A propósito, leí la extensa discusión que, en su blog 'La lectura provisoria', el crítico argentino Quintín le dedicó a La mujer sin cabeza [1]. Uno de los argumentos axiales de esa discusión: cierto plano de un perro muerto.

A juicio de Quintín, ese plano de un perro muerto encauzaba el misterio y condicionaba la "ética" del desarrollo de la trama. O sea: si no es una película de Ed Wood, debemos suponer juego limpio —por ejemplo, si un actor muere, otro no lo remplazará con el fácil truco de ocultarse las facciones tras una capa—. En primer lugar, debo agradecerle a Quintín que haya subrayado el detalle, porque yo no me había dado cuenta de que era un perro; en lo principal, sin embargo, siento que el crítico argentino ha desbarrado: la intriga del filme es más sutil que un mero rompecabezas.

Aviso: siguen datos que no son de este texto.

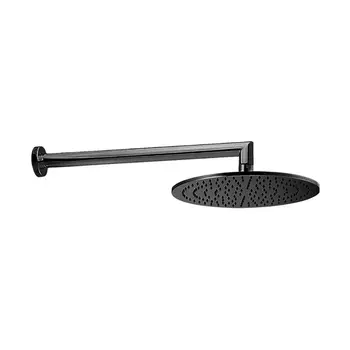 Верхний душ Cisal Less New DS01363040 250 мм черный матовый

Si vemos desde el principio La mujer sin cabeza, iremos descubriendo la naturaleza y las consecuencias de un hecho súbito y traumático que la protagonista ha vivido en una carretera poco antes, ¡oh poesía!, de que rompa la lluvia. (Pero la naturaleza no entrega mensajes). La indefinición ontológica es un mecanismo formal: acaso estemos viendo una fantasía o una lenta película de terror, pero quizá todo no pase de ser un ejercicio realista de observación sicológica a la manera de A Woman Under the Influence (1974), de John Cassavetes.  

En efecto, cuando se nos presenta ese inquietante bulto inerte, torpemente amortajado sobre la mesa de una cocina, La mujer sin cabeza todavía no se ha definido “genéricamente”: acaso estemos viendo un compendio de alucinaciones, o la crónica de la tensión entre un mundo paralelo y el mundo real, pero quizá todo no pase de ser las percepciones objetivas de una insípida señora en una dimensión equis a la cual no sabe cómo se ha transportado... Al final, nada de eso importa, porque la burguesía continúa con sus ritos, y esos ritos son tan fuertes e inconscientes que los crímenes y los errores, aun recuperados, aun reconocidos, podrán olvidarse sin exceso de problemas: es el triunfo máximo de la ideología. El tiempo hará su trabajo, y la erosión de la memoria no cesará. Ahí la película se detiene.

Cuando he tenido la suerte de conversar con artistas e intelectuales de gran valía —muchos de ellos desconocidos, aun inéditos—, he notado su modestia; sospecho que es una proficua consecuencia del gran esfuerzo que demanda una obra y de la comprobación, un tanto melancólica, de que, al final, es indispensable la mirada del otro. Pero el arte es indiferente, y la historia nos enseña que muchos artistas de verdad han sido grandes patanes, áulicos, corruptos e, incluso, algo más triste: íntimas rupturas, negadores de la vida, suicidas. Mayor razón, entonces, para escuchar los buenos ejemplos. Luego de haber conversado con ella treinta y tres minutos en agosto de 2010, yo diría que Lucrecia Martel es uno de esos buenos ejemplos.



[1] Lamentablemente, ahora el enlace está roto; realmente, ¿alguna vez lo leí?